Thursday, January 31, 2008

Mishpatim: Do Not Oppress The Widow and the Orphan

The pesukim state {Shemot 22}:
כא כָּל-אַלְמָנָה וְיָתוֹם, לֹא תְעַנּוּן. 21 Ye shall not afflict any widow, or fatherless child.
כב אִם-עַנֵּה תְעַנֶּה, אֹתוֹ--כִּי אִם-צָעֹק יִצְעַק אֵלַי, שָׁמֹעַ אֶשְׁמַע צַעֲקָתוֹ. 22 If thou afflict them in any wise--for if they cry at all unto Me, I will surely hear their cry--
כג וְחָרָה אַפִּי, וְהָרַגְתִּי אֶתְכֶם בֶּחָרֶב; וְהָיוּ נְשֵׁיכֶם אַלְמָנוֹת, וּבְנֵיכֶם יְתֹמִים. {פ} 23 My wrath shall wax hot, and I will kill you with the sword; and your wives shall be widows, and your children fatherless. {P}
Is this just imposition of morality via threats -- if you afflict, I will punish you, because you are doing wrong? I think so, to a certain extent. But I think that another part of the message is an attempt to teach empathy. And if someone cannot feel empathy for their plight, Hashem will cast their wives and children into a similar plight. Thinking about this happening to people one cares about, and how they would handle being in such a situation, might influence someone to empathize more with people who are not close relatives who are in this plight.
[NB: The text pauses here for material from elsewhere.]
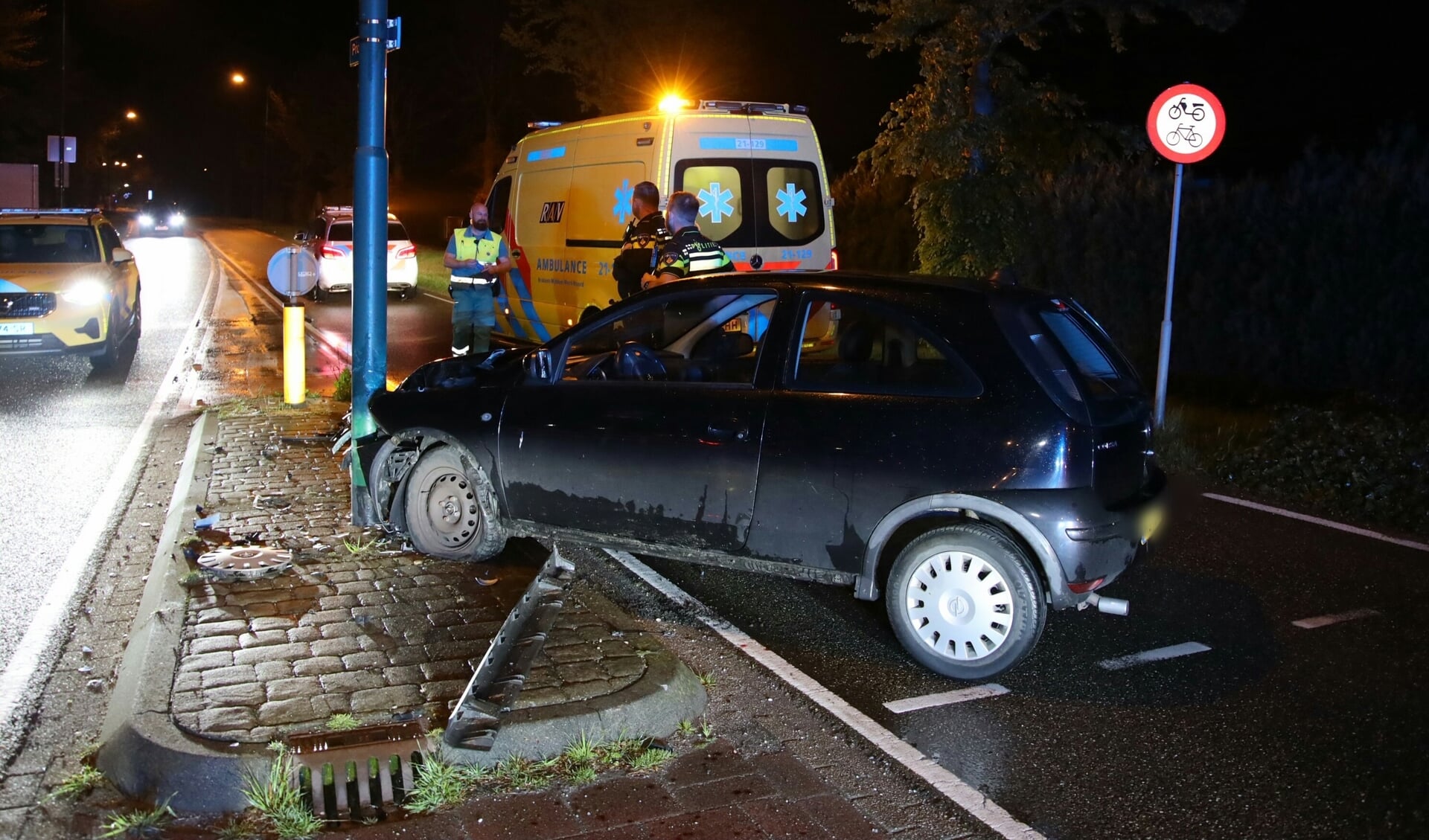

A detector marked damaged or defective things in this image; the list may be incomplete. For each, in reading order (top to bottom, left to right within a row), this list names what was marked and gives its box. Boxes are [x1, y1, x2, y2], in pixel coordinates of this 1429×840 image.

And indeed, empathy is a theme in the immediately preceding context as well:
כ וְגֵר לֹא-תוֹנֶה, וְלֹא תִלְחָצֶנּוּ: כִּי-גֵרִים הֱיִיתֶם, בְּאֶרֶץ מִצְרָיִם. 20 And a stranger shalt thou not wrong, neither shalt thou oppress him; for ye were strangers in the land of Egypt.

1 comment:

Anonymous said...

I find it interesting how in parshat Mishpatim, explanations are given for mitzvot bein adam lechavero and not bein adam lemakom, while in aseret hadibrot the opposite is the case.